Short descriptive text snippets
════════
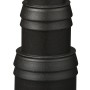 Ubbink Cascademax Adapter für Teichpumpen, schwarz, für Bachlauf und Wasserfall.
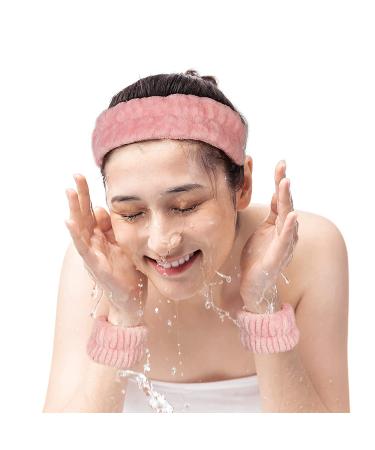 Pink White Blue Grey Spa Facial Headband Set | Soft Microfiber Makeup Hair Wraps for Women | 12 Pieces - Buy Online on GoSupps.com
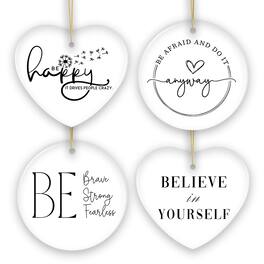 OrnamentallyYou - Minimalist Self Love and Positivity Mantras Ornament Bundle - Multi-colored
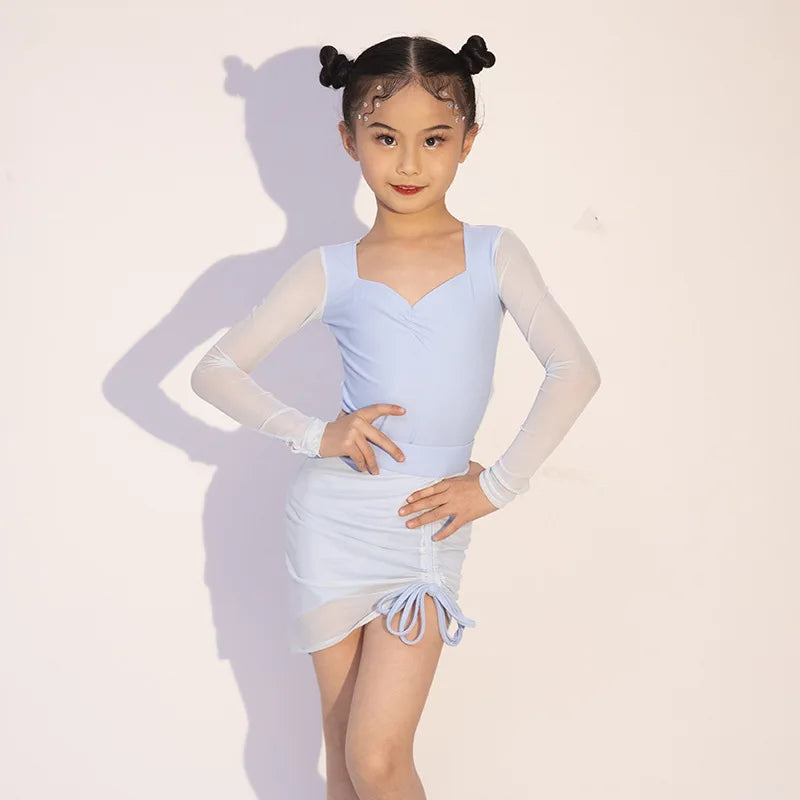 Practice Performance Dress New Latin Dance Clothes for Children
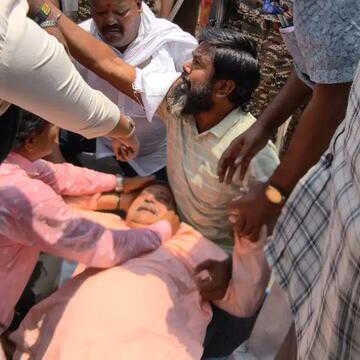 TMC MP Kalyan Banerjee injured during protest march to Chanditala Police Station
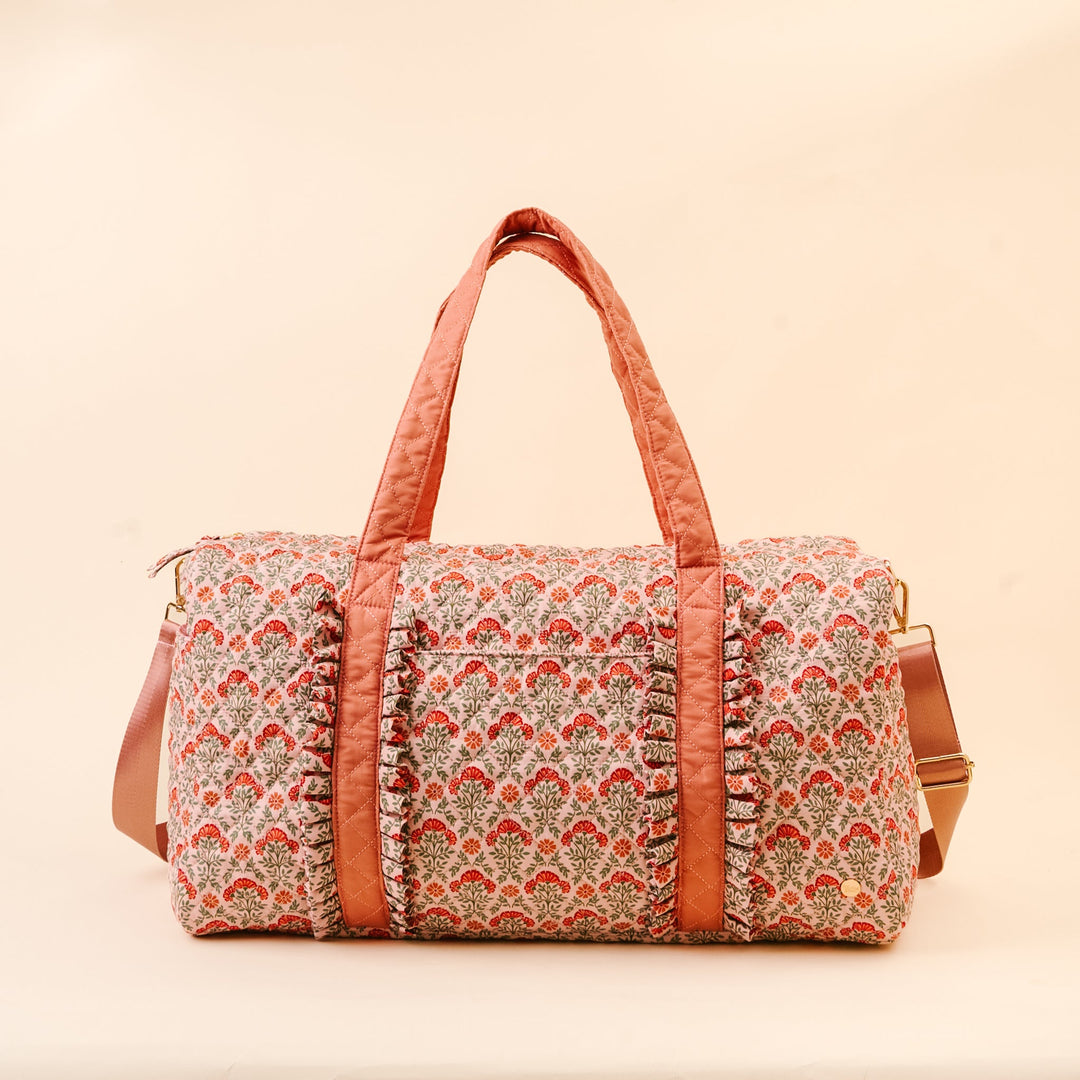 The Darling Effect On-The-Go Quilted Weekender Bag - Everbloom Dusty Rose
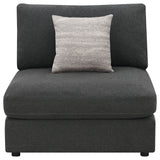 Serene Upholstered Armless Chair Beige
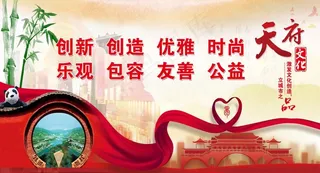 天府文化  熊猫 竹子图片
════════
§ **INSTRUCTIONS TO FOLLOW**: Once the line holding "TMC MP Kalyan" is found, set it down along with every line after it through the end of the entries, exactly, leaving the pictures out.

§ **SOLUTION FOR THIS EXERCISE**:
 TMC MP Kalyan Banerjee injured during protest march to Chanditala Police Station
 The Darling Effect On-The-Go Quilted Weekender Bag - Everbloom Dusty Rose
 Serene Upholstered Armless Chair Beige
 天府文化  熊猫 竹子图片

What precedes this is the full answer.